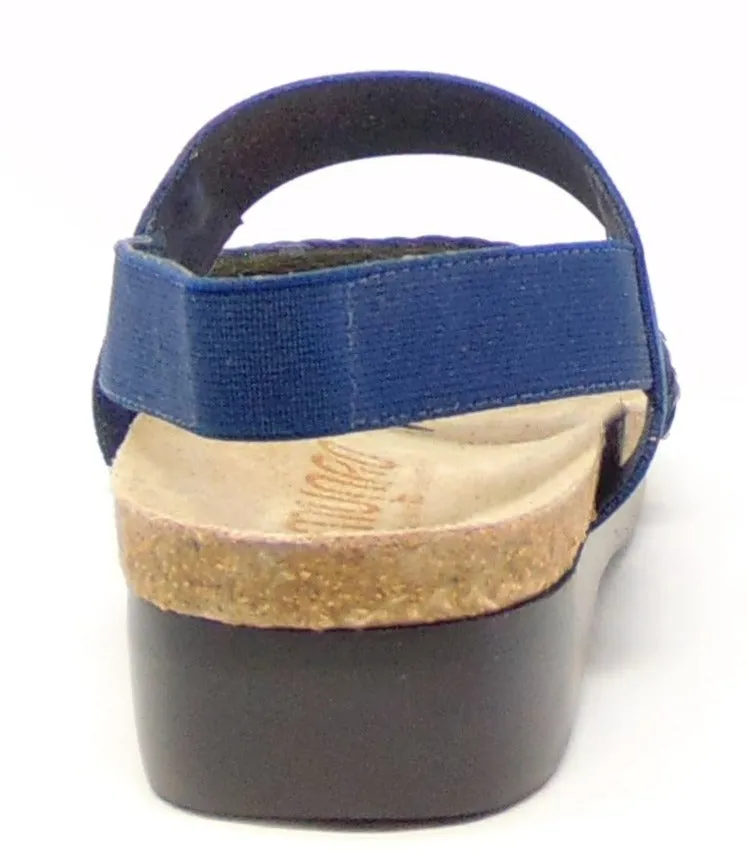 Munro Pisces Navy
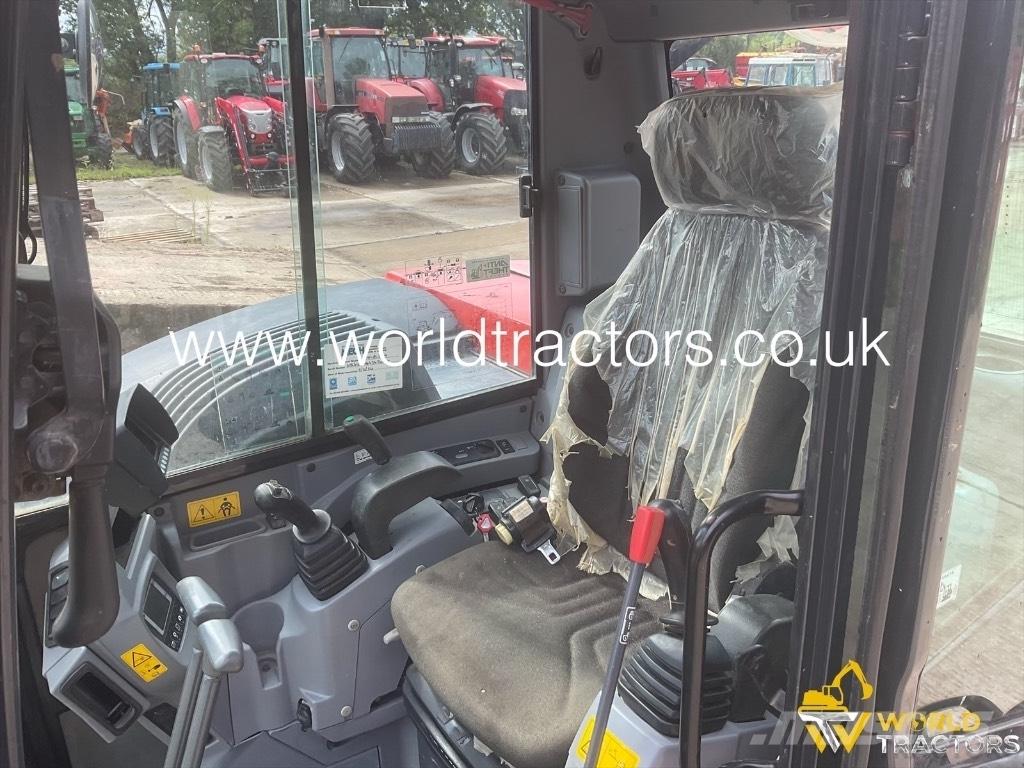 Kubota KX 080-4 Midi rýpadlá 7 t - 12 t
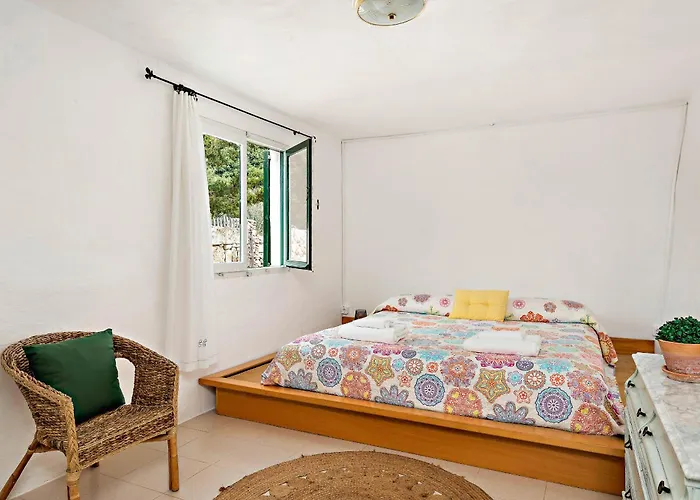 Casita Estancia d\'en Carretero- Biniarroca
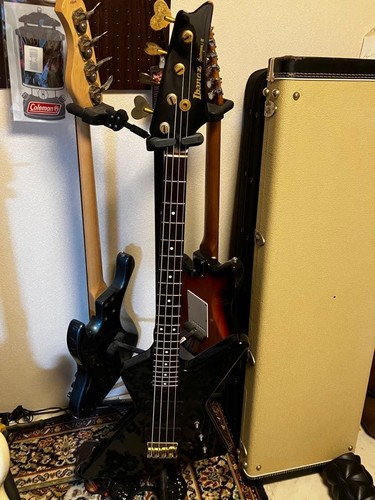 Guitare basse ibanez - guitare, dt-670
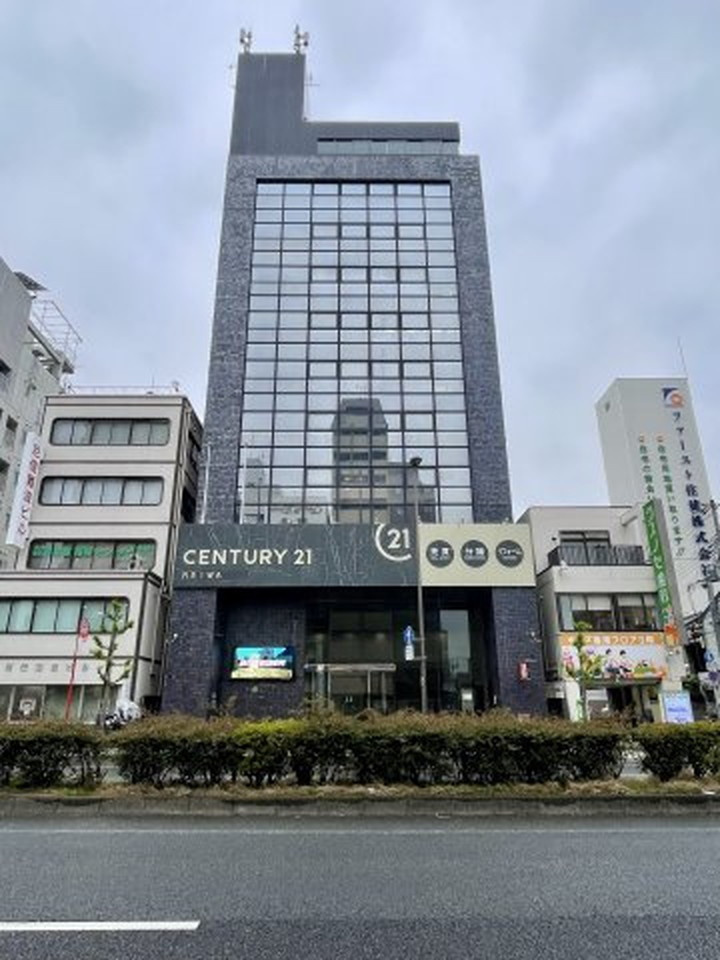 尼崎市東難波町５丁目の店舗事務所
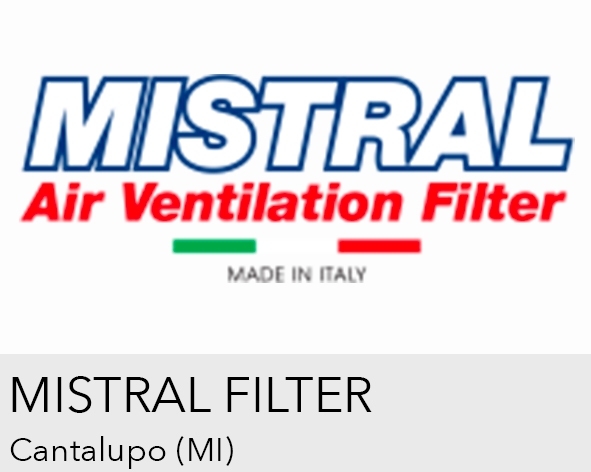 Logo MISTRAL AIR - Campi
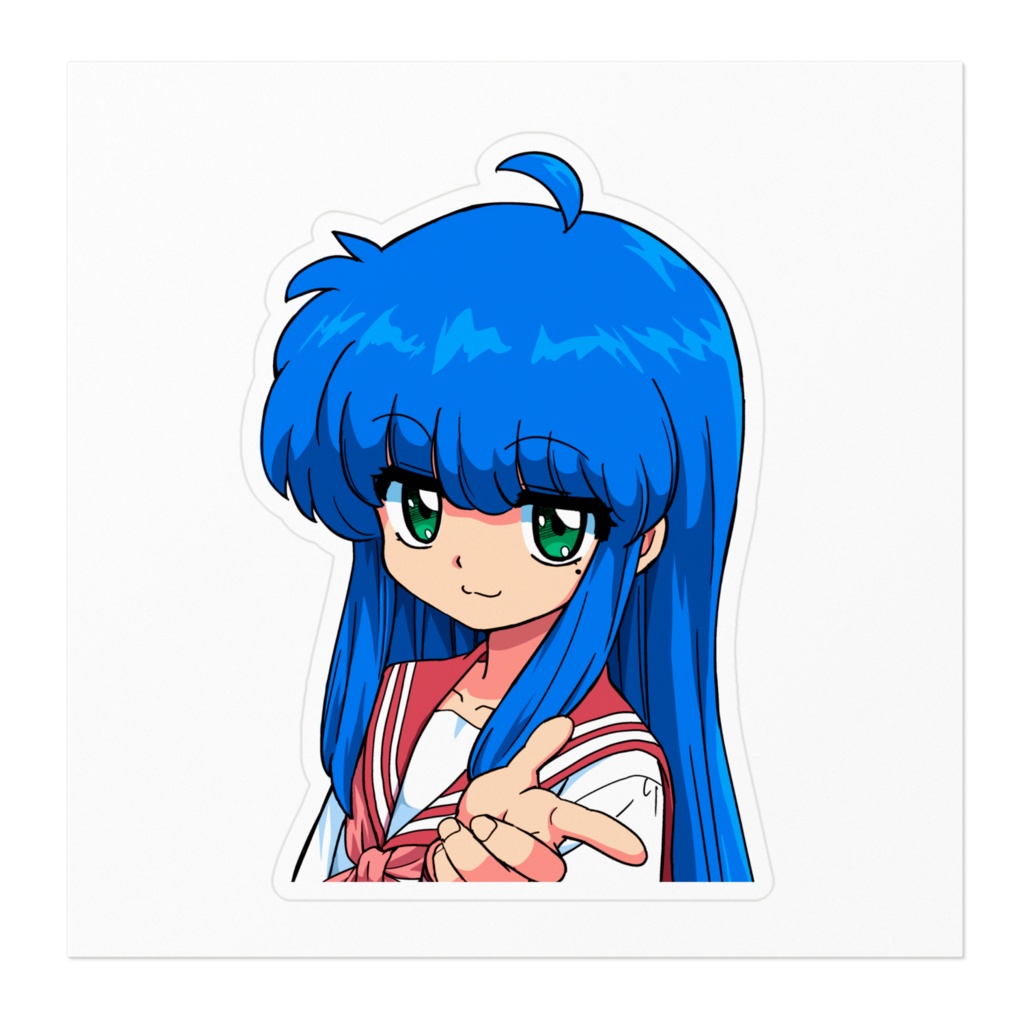 " BOOT STICKER "【Mサイズ】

※

▶ _Problem details_: Extract precisely the lines beginning at the line containing "Casita Estancia d\'en Carretero- Biniarroca" and ending at the last line of the entries above, exactly as written and with no pictures.

▶ _Answer to the exercise_:
 Casita Estancia d\'en Carretero- Biniarroca
 Guitare basse ibanez - guitare, dt-670
 尼崎市東難波町５丁目の店舗事務所
 Logo MISTRAL AIR - Campi
 " BOOT STICKER "【Mサイズ】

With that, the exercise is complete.